Chapter 33 #2
I stumbled back onto my side, clawing the carpet, growing dizzy with the lack of oxygen. Just when I thought I was going to pass out, my chest cleared, and I dragged in a huge, gasping breath.
He crouched then, his hand fisting in the front of the jacket again, dragging me partially upright so I had no choice but to face him. Blood filled my mouth where my lip had split, but I swallowed it down rather than give him the satisfaction of seeing me choke on it.
“You really thought you could sneak off to him,” he said, studying my face like he was searching for something deeper than what was already obvious. “After everything.”
I met his gaze.
And despite everything—despite the pain, the fear, the suffocating weight of what this meant—I didn’t look away.
I knew this was the point of no return. I knew there was no coming back from this. So I just stared, forcing every bit of hatred I felt for him into my glare.
“You’re not even trying to deny it,” he said.
“What’s the point?” I wheezed, and used the last of my strength to spit a mouthful of blood on him.
The spit hit his cheek, but he didn’t wipe it off.
He let it drip down his face, his tongue coming to the corner of his mouth to lap at it.
His hand dropped from the jacket to my jaw, gripping hard enough to force my head back.
“Don’t tease me, Gabby. You know your blood is like heroin to me.
Don’t make me bleed you to get the answers I want. Say his name.”
I said nothing.
The back of his hand connected with my cheek. My vision blurred, my neck snapped to the side, and then his fist hit me, colliding with my cheek in an explosion of pain.
By the time he let me fall back to the floor, my body felt like it no longer belonged to me, every breath shallow and uneven, pain radiating out from too many places to track properly.
He stood over me for a moment, watching.
His gaze dropped to the jacket again, and for a second I thought he might tear it apart, might rip it to pieces in front of me just to prove a point.
Instead, he reached down, grabbed it, and pulled it from my body with a sharp, brutal motion that left me exposed in a way that had nothing to do with skin.
The loss of it hit harder than it should have.
He looked down at it in his hands, his expression unreadable for a moment, and then he turned and draped it over the chair.
“You don’t get to keep that,” he said. “But I’ll see that it makes its way back to its rightful owner, don’t you worry about that.”
It should have been safe.

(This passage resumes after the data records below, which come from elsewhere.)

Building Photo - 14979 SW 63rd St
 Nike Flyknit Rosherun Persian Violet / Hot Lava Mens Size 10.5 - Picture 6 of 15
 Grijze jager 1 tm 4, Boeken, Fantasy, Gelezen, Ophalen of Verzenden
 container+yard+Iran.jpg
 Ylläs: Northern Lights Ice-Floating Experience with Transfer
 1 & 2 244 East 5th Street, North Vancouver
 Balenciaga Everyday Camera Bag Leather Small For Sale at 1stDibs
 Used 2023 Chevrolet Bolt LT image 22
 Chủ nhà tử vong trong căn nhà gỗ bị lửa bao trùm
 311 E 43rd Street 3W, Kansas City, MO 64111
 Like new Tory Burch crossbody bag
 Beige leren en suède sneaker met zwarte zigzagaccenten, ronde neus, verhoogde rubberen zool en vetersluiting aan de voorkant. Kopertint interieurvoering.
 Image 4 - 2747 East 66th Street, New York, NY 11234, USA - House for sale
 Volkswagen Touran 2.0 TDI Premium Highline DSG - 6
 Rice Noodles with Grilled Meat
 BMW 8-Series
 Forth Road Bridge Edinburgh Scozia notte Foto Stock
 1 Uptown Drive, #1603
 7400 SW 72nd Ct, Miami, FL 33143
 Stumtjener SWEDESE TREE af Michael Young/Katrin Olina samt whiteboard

I had a plan. I was going to hide it under the loose board beneath my bed, where everything else that mattered had been buried piece by piece over the years.
Letters. Memories. Small, stupid things that meant nothing to anyone else but everything to me.
That was where the jacket should have gone.
Tucked away with the rest of the life I wasn’t allowed to live.
I had planned it the entire walk back.
And now… now it was gone.
Nico’s attention returned to me.
“If he’s getting close enough to leave you dressed like this,” he said slowly, “then maybe it’s time I remind him who you belong to. And the consequence of crossing the line.”
“No,” I rasped before I could stop myself.
His head tilted. “No?” His gaze sharpened instantly, catching on the reaction I couldn’t hide fast enough, and something like satisfaction flickered there.
“Clean yourself up,” he said. “And if anyone asks, you tell them the truth. You’re a rancid little whore who needed putting in her place.”
I didn’t argue, nor did I move.
“Get up,” he barked, his voice sharper.
It took everything I had, but I pushed myself upright, my body protesting the movement in sharp, jagged bursts of pain that made it hard to stay steady. The room tilted slightly as I found my feet, one hand bracing against the wall to keep from falling straight back down again.
Nico watched the entire thing.
And I knew, with a clarity that settled somewhere deep and immovable inside me, that nothing about tonight had gone unnoticed.
“You don’t get another mistake like this,” he said.
“The next time you step out of line I will kill you. But before I end your pitiful existence, I will hand you and your mother over to every man in this club and give them free rein to do whatever the fuck they want with you. And I’ll record the entire thing and send it to your precious biker, just so he can see your last, pathetic moments on this earth. ”
It wasn’t a warning.
It was a promise.
“Yes, Nico,” I murmured, slipping right back into playing the role of the woman he wanted me to be.
And then I left, because there was nothing else left to do, other than force my legs to carry me out of the room and up the stairs. Each step hurt. Each breath dragged. But I kept moving, because stopping wasn’t an option anymore.
It never had been.
By the time I reached my bedroom, my vision had started to blur at the edges, pain settling deep enough into my body to make everything feel distant and too sharp all at once. I pushed the door open and stepped inside, closing it carefully behind me.
For a moment, I just stood there.
Then I moved to the bed and sat down, because my body had reached its limit.
My hand came up to my mouth, brushing against the split in my lip, and when I pulled it away, my fingers were streaked with blood.
It should have been enough.
It should have been the moment everything snapped back into place, where regret flooded in and wiped the memory of Vienna clean, where survival reasserted itself and reminded me exactly why I had kept my distance for so long.
But it didn’t.
Because even now, even like this, I didn’t regret going.